Nearly all of the methods mentioned above follow the assumption that cluster memberships related to node attributes must be consistent with community memberships determined by link structure for a network. However, it is not always true in real world networks. In fact, although nodes in the same community tend to have similar features by the homophily hypothesis³², there may exist some nodes in a community that share similar attributes but are not linked due to the sparseness of a real network. Therefore, for each node, we used only a small portion of the nearest neighbors measured by attribute similarity to alleviate the sparsity of a network, while strengthening the community structure. Consequently, in this study, we have proposed a node attribute-enhanced community detection approach, named kNN-enhance, using the kNN (e.g., k ≤ 10) graph of node attributes. We have instantiated kNN-enhance into two algorithms, kNN-nearest and kNN-Kmeans, to test the efficiency and the effectiveness of the approach. In the first stage, we constructed a kNN graph enhanced network by adding the kNN graph of node attributes to the original network. Then, we selected the number of communities and community centers on the enhanced network using the idea behind the method K-rank-D³³, which is the extended version of the data clustering method proposed by Rodriguez and Laio³⁴. In the second stage, we used kNN-nearest or kNN-Kmeans to cluster nodes into groups, where kNN-nearest assigned each remaining node to the cluster of its nearest neighbor with higher centrality and kNN-Kmeans clustered nodes iteratively by the K-means method. Our experimental results suggest that kNN-enhance improves upon existing algorithms through its ability to process networks with binary, categorical, or numerical attributes. Moreover, the approach can handle large-scale attributed networks by combining fast approximate kNN-graph algorithms^35,36,37 with fast community detection algorithms such as BGLL³⁸ and Informap³⁹.

Results

A Description and Illustration of kNN-enhance

Networks in real applications are often sparse and contain noise in the form of spurious edges. This sparseness and noise blur the community structure of a network. Yet, nodes in the same community are likely to be connected to each other and share similar interests even though some of them are ‘silent’. Therefore, we can obtain a kNN graph by using a set of node attributes. The kNN-graph is then combined with the original network to compensate for sparsity, thereby strengthening the community structure of the network. Figure 1 is an illustration of kNN-enhance. Figure 1a shows an attributed network, where each node has four attributes: degree, research area, affiliation, and location. This original network is sparse and the community structure in it is not clear. If we add a link between nearest neighbors with common node attributes for each pair of nodes (Fig. 1b), the now attribute-enhanced network shows distinctive community structure. Optionally, a community detection algorithm like K-rank-D can be used to discover community structure in the newly generated, attribute-enhanced network.

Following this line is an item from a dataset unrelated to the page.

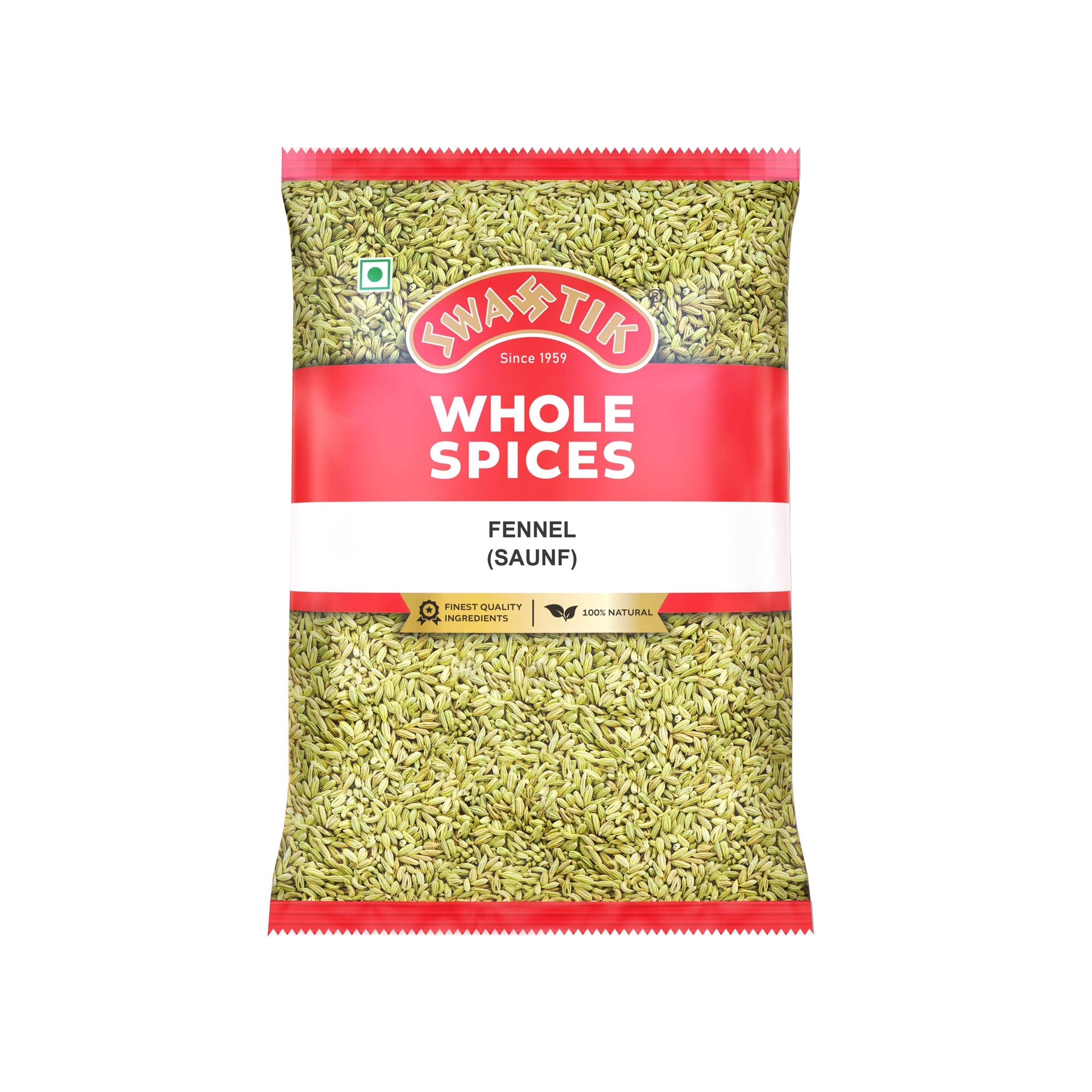 Swastik Fennel Seeds 50gm pack – red and white packaging with visible seeds, labeled 100% natural and finest quality ingredients.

Figure 2 illustrates the effectiveness of kNN-enhance from its partition process. Figure 2a is an example of the decision graph of an original LFR network⁴⁰ with μ = 0.9 and n = 1000 using K-rank-D. The original network contained 38 communities. One hundred binary attributes with the same cluster structure as the original network were attached to each node at a noise ratio of 20%. In the original LFR network, the community structure was unclear and the 38 community centers were not sufficiently separated in the right upper corner of the decision graph. As a result, it was difficult to determine the number of communities and the community centers as well as to detect the community structure in the network. Subsequently, the kNN-graph was added to the original network and the decision graph of the kNN-graph enhanced network was created with k = 10 using K-rank-D (Fig. 2b). The community structure became clearer and the 38 community centers were separated in the right upper part of the decision graph. This made the community structure much easier to determine. In addition, the red nodes in Fig. 2b were the top 38 nodes with highest comprehensive value (computed by Equation (4) in the Methods section). The nodes in the square were selected by manually drawing a rectangle in the right upper section of the graph. Using manually selected nodes as initial centers, all nodes are correctly partitioned when compared to the ground truth. Yet, using the top 38 nodes (red nodes) as initial centers, the accuracy (computed by Equation (5) in the Methods section) is only 95%. In some cases it is difficult to select the exact K community centers in decision graphs (see Fig. 2a as an example). We automatically selected the top K nodes with the highest comprehensive value as the centers in the following experiments.

Experiment Results

We generated two groups of LFR⁴⁰ benchmark networks with binary and numerical node attributes, respectively. We tested existing state-of-the-art algorithms including probabilistic models (PCL-DC, PPL-DC, PPSB-DC, CESNA, cohsmix, BAGC, and GBAGC) and hybrid methods (SA-Custer, Inc-Cluster, CODICIL, and GLFM) on these synthetic benchmarks. We then evaluated these algorithms on several commonly used real networks, including some with or some without associated ground truth. We compared two instantiations of our kNN-enhance approach, kNN-nearest and kNN-Kmeans, to these existing algorithms. In addition, we compared kNN-nearest and kNN-Kmeans with K-rank-D using only link information, K-means using only node attributes, and cluster-dp³⁴ using both node attribute and link information on these networks to show whether the proposed approach performed better than existing similar methods and methods using either links or attributes alone.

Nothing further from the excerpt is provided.